Not every fairy story ends happily ever after but fear not, this one does so you are safe to read on. A few months ago the owner of our local cafe, Jollytots and Cookies, announced on their Facebook page that they were going to host a series of Princess and Princes parties featuring afternoon tea, the Disney Princesses and a sparkly dance floor. Lyla loves a Disney princess and she really loves a party so I knew she would love this but I was hesitant about booking.
Most little girls love Disney princesses and would give their best tiaras to dress up for a day and dance with princesses, so I knew the sessions were likely to be fully booked and busy. Busy means not much room for Lyla’s wheelchair stroller and not much chance of her getting around to dance and see the Princesses, at least not without knocking some fellow mini-Princesses out of the way.
I messaged the owner, Gail, who is so lovely and incredibly community spirited. This is a lady who amongst other wonderful things, opens her cafe every year on Christmas Day and hosts a full on party, free of charge, for those who would otherwise be going without. I asked if she would consider hosting a party specifically for kids with special needs. Within minutes she had answered me and said, absolutely, why not? It was a goer, a quick shout out on Facebook to check demand and the party was on.
Lyla doesn’t have one of the traditional Disney princess dresses because I think the fabric they are all made of would be really uncomfortable to be sitting on for long periods of time, plus most of them would be way too big for a her wee body. Not to be outshone Lyla wore her best sparkly party dress and headband. I swear I nearly cried when the Princesses started coming out from behind the curtain and pouring juice for all the kids. Lyla’s face was an absolute picture, she was so excited to be there and so excited to see all the princesses.
During the amazing singing by Princess Jasmine, Lyla was able to get right in there with the other kids and she was able to move around the dance floor busting out her moves with the Princesses and Princes. She was loving it, her smile was amazing.
Not everything was perfect, because that’s life, so we weren’t able to access the Photo Booth and the face painter had to come out to us because both of these were in an area that wasn’t accessible for Lyla’s chair. This was due to a massive pillar which isn’t exactly easy to change so totally understandable and it certainly didn’t affect our day. Lyla was left grinning from ear to ear with a face covered in Frozen themed face paint.
Afterwards I thought about inclusion and whether I should have booked us into one of the other parties rather than asking for a separate one. Does this go against the idea of inclusion? I was really struggled with this question until Gail mentioned that the other parties had been very busy, with twice as many kids. I realised that Lyla really wouldn’t have been included, in fact she would have been unintentionally excluded. There wouldn’t have been the room for her to get close to the Princesses with the other kids during the singing time and there wouldn’t have been space for her chair to safely move on the dance floor.

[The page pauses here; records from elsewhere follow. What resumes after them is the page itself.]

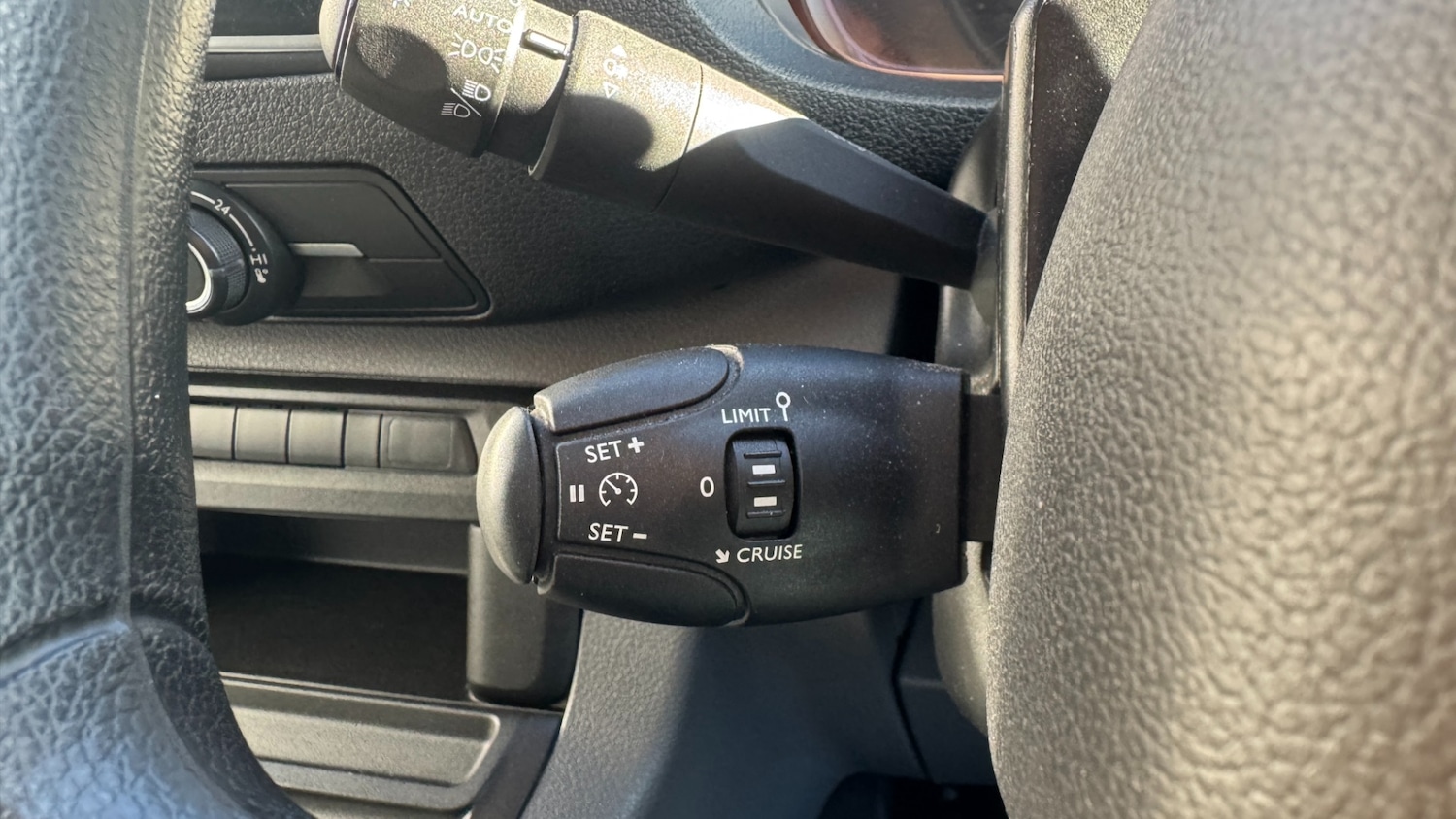 Used Peugeot Expert 2022 for sale - 77565789: Photo 17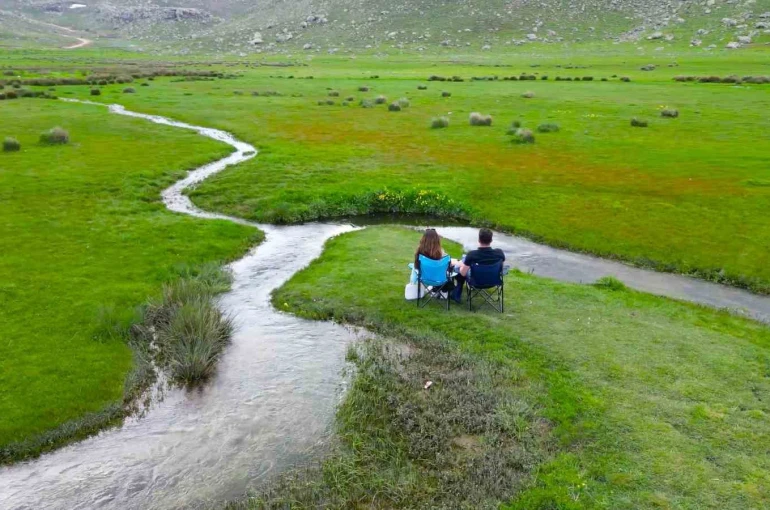 Niğde’de yağışlarla canlanan Ketençimen Yaylası doğaseverlerin gözdesi oldu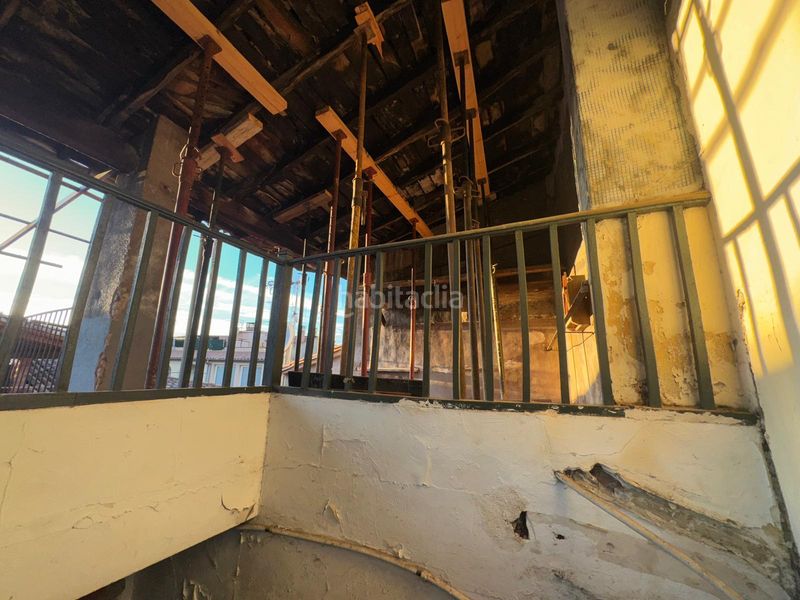 Foto 6b890ffb-028d-4e36-8474-bef6b0f4a0e8. Edificio in Olot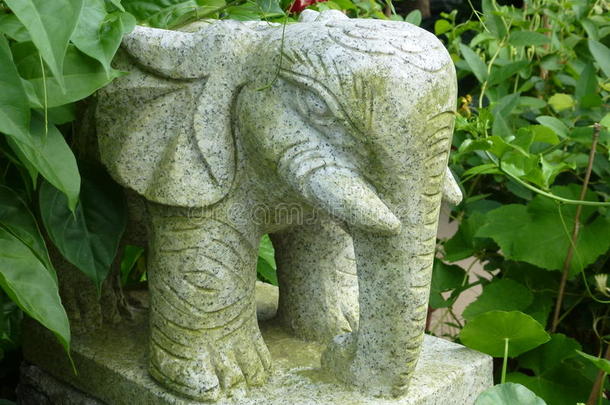 象石雕像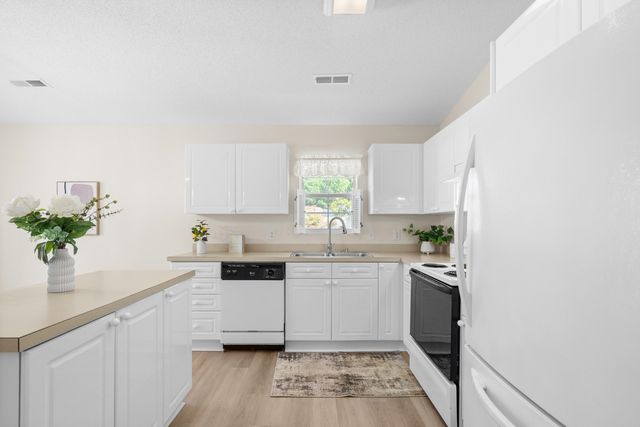 7971 Leeward Ln., Murrells Inlet, SC 29576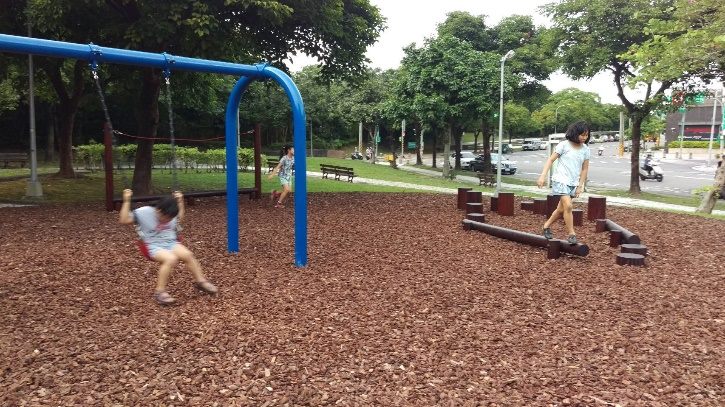 因公園位於成功路二段與安康路側,相較其他公園遊戲場,目前使用本遊戲場之居民相對較少,因此來這玩耍還不用人擠人。 圖:台北市工務局提供 因公園位於成功路二段與安康路側,相較其他公園遊戲場,目前使用本遊戲場之居民相對較少,因此來這玩耍還不用人擠人。 圖:台北市工務局提供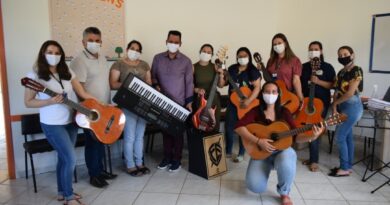 CRAS Lúcia Aparecida Mocelin adquire novos instrumentos musicais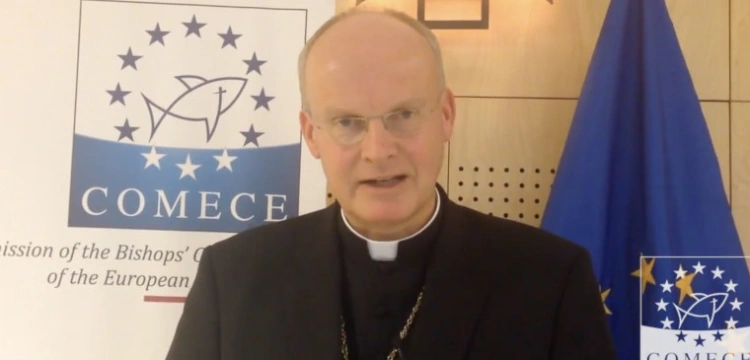 Niemiecki biskup: Kościół powinien rozszerzyć swoje rozumienie rodziny o związki homoseksualne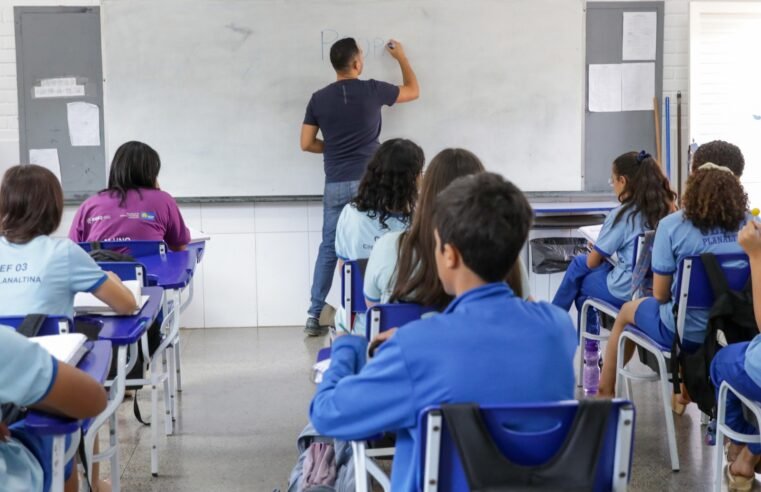 Celina Leão autoriza contratação de mais de 700 professores no DF
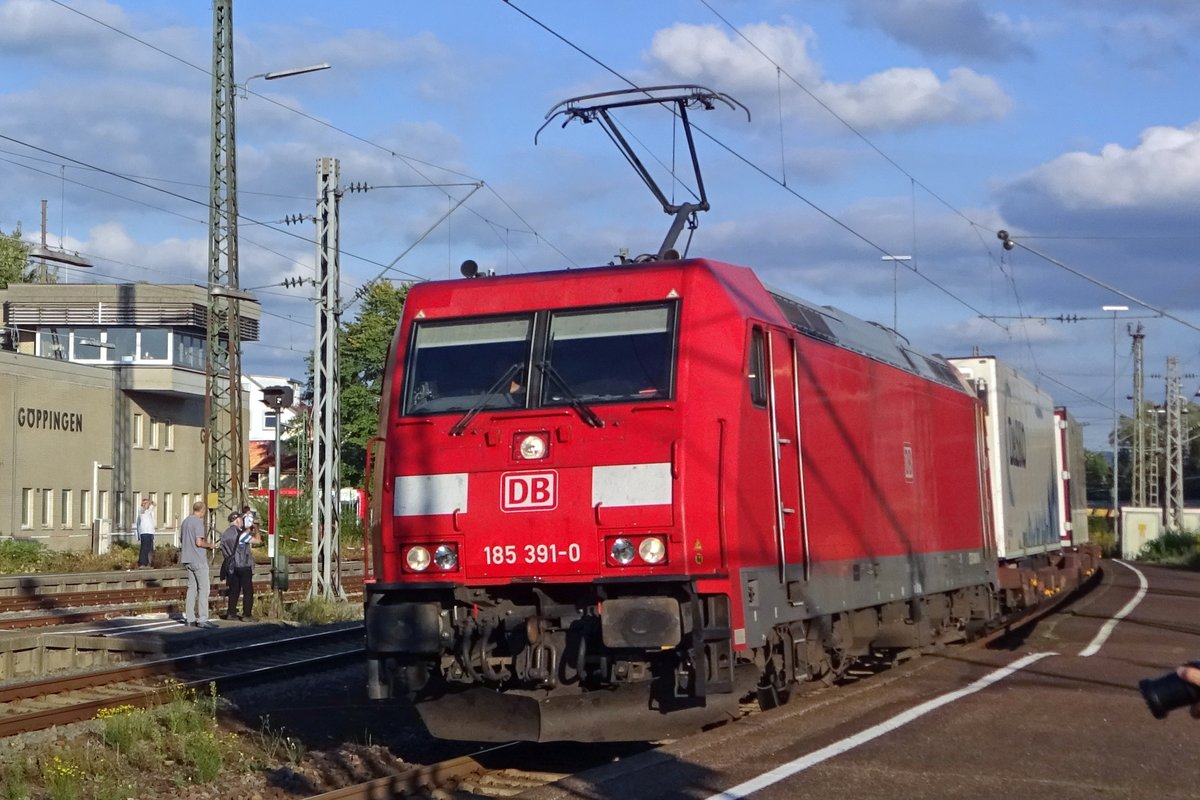 Am 13 September 2019 dönnert 185 391 durch Göpingen.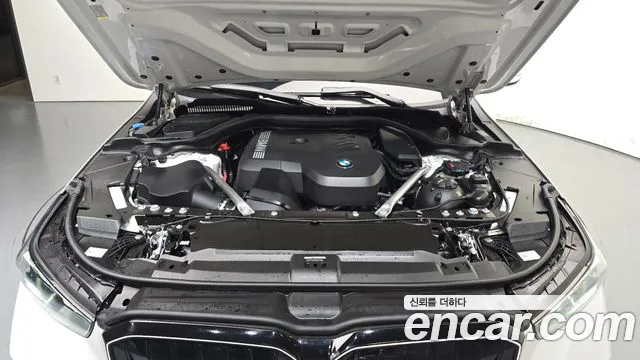 BMW 5 Series G60 — Фото автомобиля 9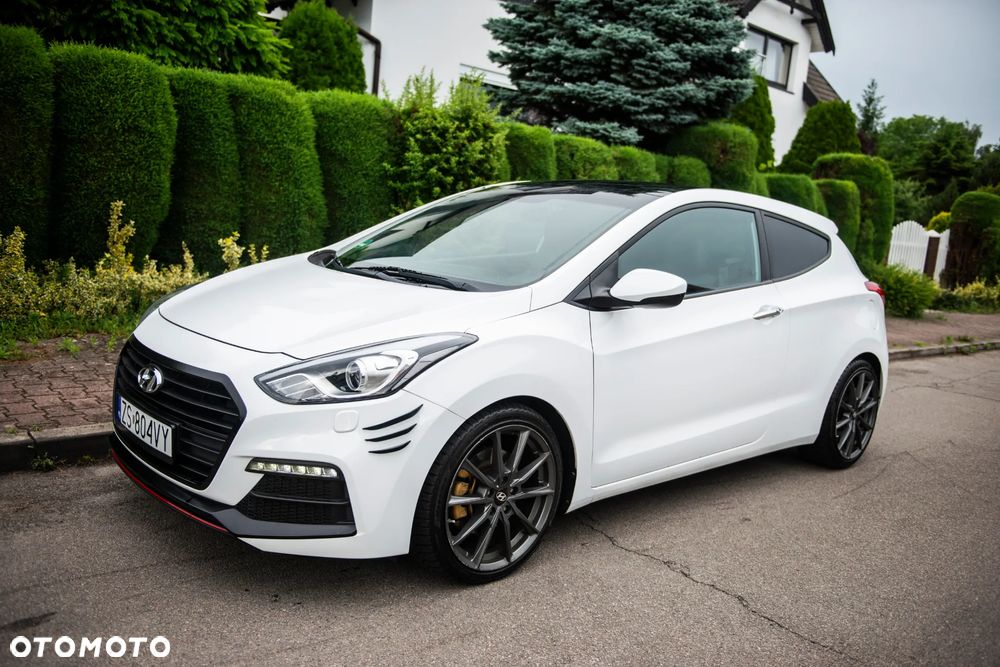 Hyundai i30 1.6 T GDI Turbo - 10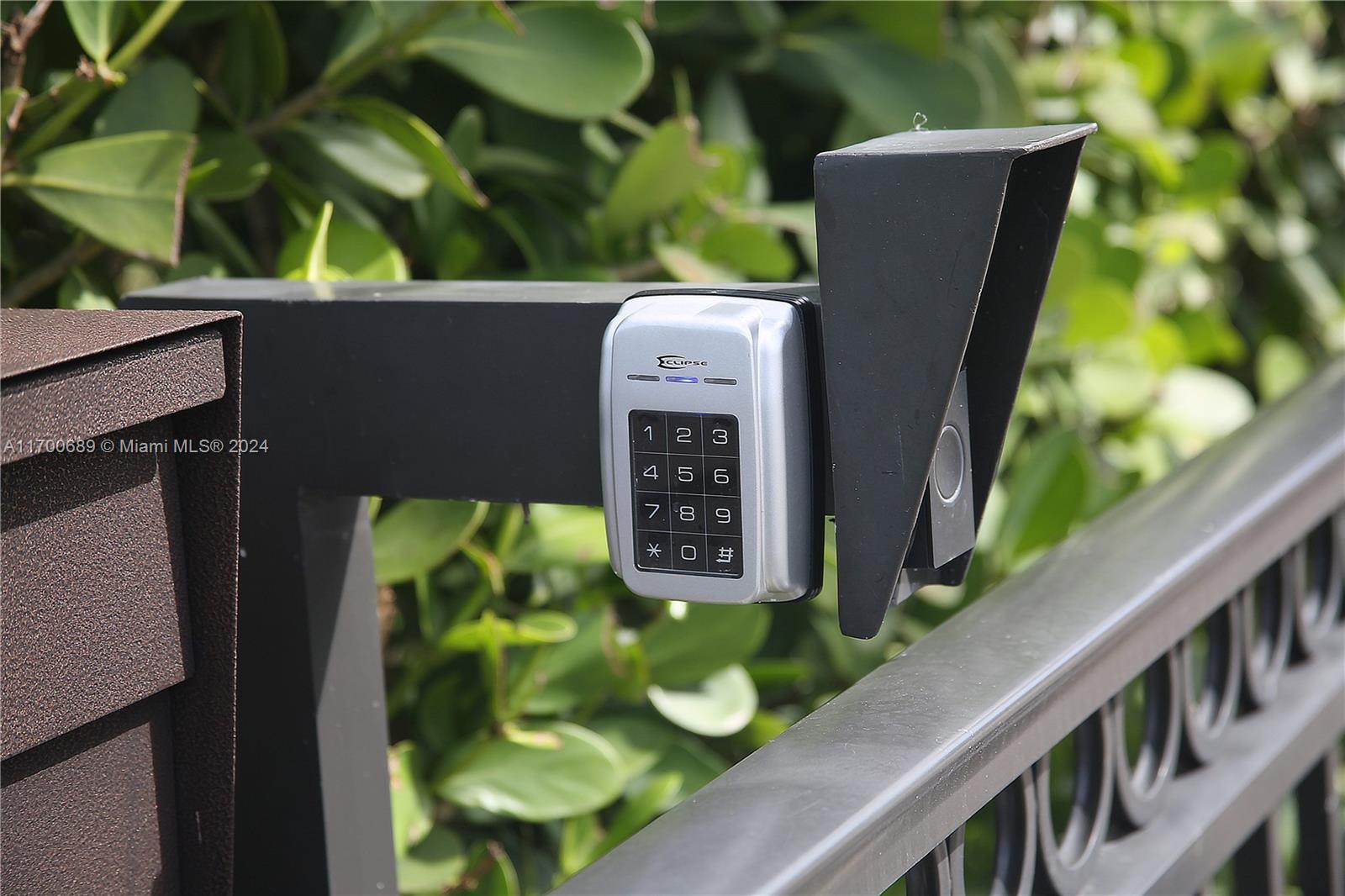 1345 Hollywood Blvd Hollywood, FL 33019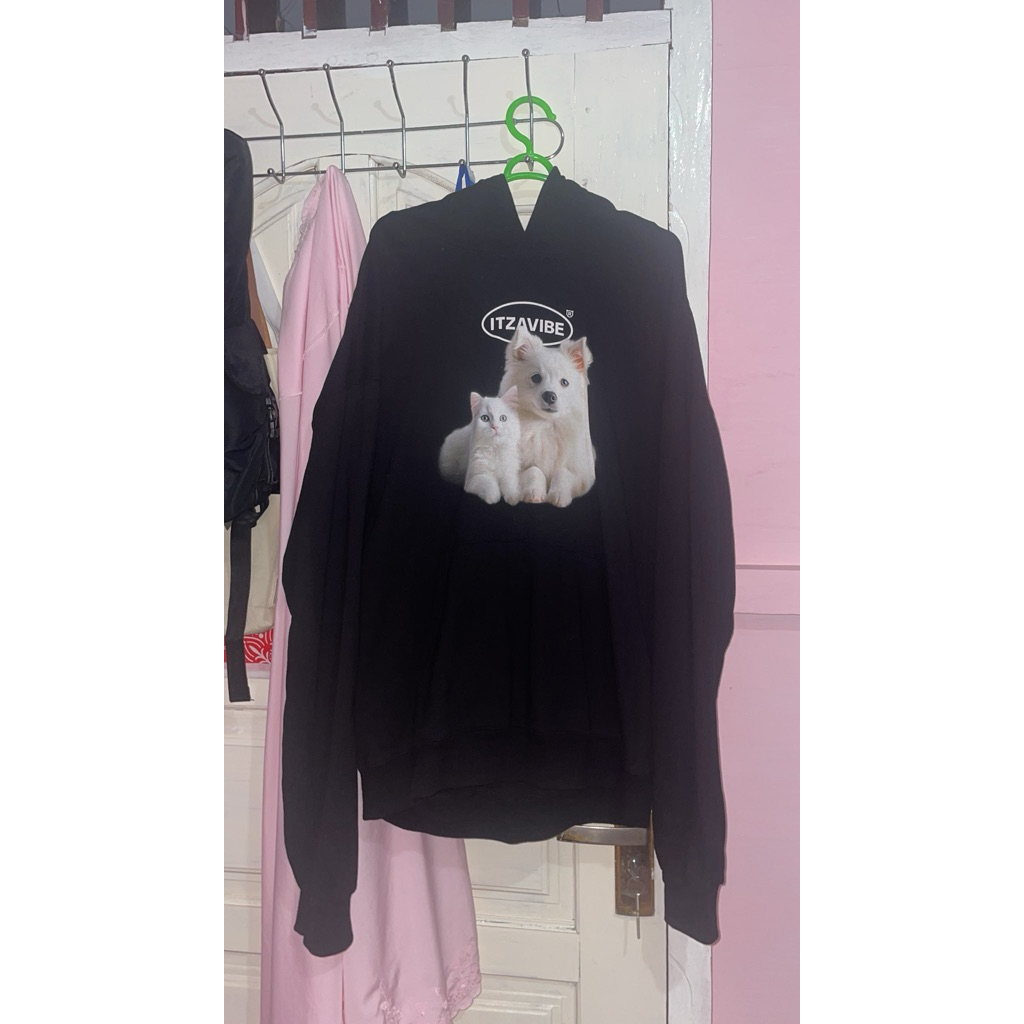 (PRELOVED) HOODIE SWEATER ITZAVIBE CAT&DOG (JENO&JAEMIN) BLACK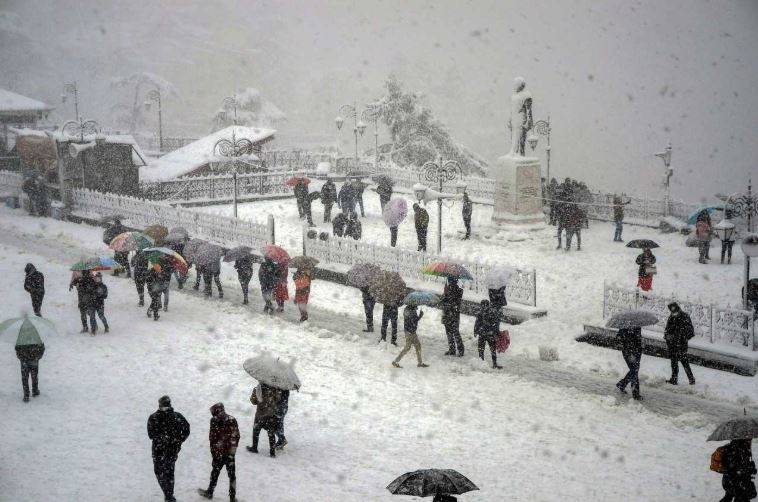 3 राज्यों में भारी बर्फबारी, कहीं आफत में जान, तो कहीं सैलानी मस्त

Lyla is only 4 and I’m in the early days of understanding inclusion but I’m learning that inclusion doesn’t always look how I think it will. For Lyla to have the same experience as the other kids at the Princesses and Princes parties she needed to be in an adapted environment with less people rather than being included with the kids in the standard party.
My Princess had a brilliant time, she loved it and I was so pleased that Gail had taken the chance and held a party for the kids who deserved the same experience in a different environment.
Since the party Gail has held two further events for families of kids with additional needs at Jollytots and Cookies to come along for two hours when the cafe was closed, to have dinner, a play and a chat. For kids like Lyla who need more space and for many kids with sensory disorders or autism the chance to play in a soft play area or their sensory room doesn’t come around very often so these events were very special.
For many of the parents it was the first time they had been able to take their children somewhere like this and watch them play while they had a coffee. Being able to meet other parents and siblings in similar situations was fantastic for us. Gail hopes to hold these events on a regular basis which is music to the ears of those parents experience extreme isolation due to their children’s additional needs. Well done Gail and the team at Jollytots and Cookies, we are so lucky to have you on our doorstep.